The Purplemath Forums

[maggiemagnet]

When you're doing truth tables, why does "P implies Q" evaluate to "true" if P is false? How are "P implies Q" and "P is true only if Q is true" "equivalent"?

[stapel_eliz]

To a certain extent, the conditional evaluates to "true" because it has to evaluate to something, and "true" makes more sense (or less un-sense, perhaps?). In everyday terms, it's kind of like being able to prove anything, if you start with nonsense. If the moon is made of green cheese, then... heaven only knows where one could go from there!

If "P implies Q" evaluated to "false" when P was false, then you could end up, logically (such as in computer algorithms), stopping processes or making decisions based on that garbage input. By saying "garbage leads to continuing on without change", you don't allow the garbage to stop up the logical workings. Techically, a conditional is defined as being "false" only if P is true and Q is false. And since you're wanting a true P to lead to a true Q, this makes sense.

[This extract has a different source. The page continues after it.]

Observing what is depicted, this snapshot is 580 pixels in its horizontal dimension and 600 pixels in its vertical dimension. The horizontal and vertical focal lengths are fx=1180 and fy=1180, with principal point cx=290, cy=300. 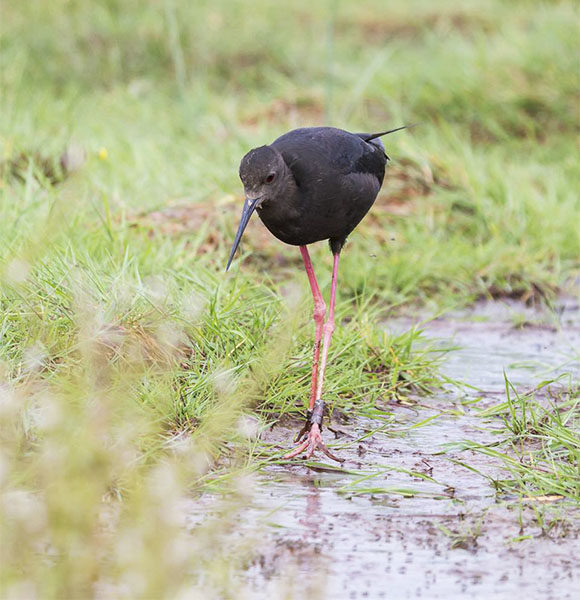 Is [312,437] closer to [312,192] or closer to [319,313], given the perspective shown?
[319,313]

I will agree that "P is true only if Q is true" is confusing. This seems to be a philosophical / logical convention, that "P only if Q" is another form of "if P, then Q". I don't claim to follow the semantic (English-grammar) sense of this. It's just something to memorize.

Hope that helps a bit!

Eliz.

[maggiemagnet]

I guess that kind of makes sense, but that "only if" thing is still weird!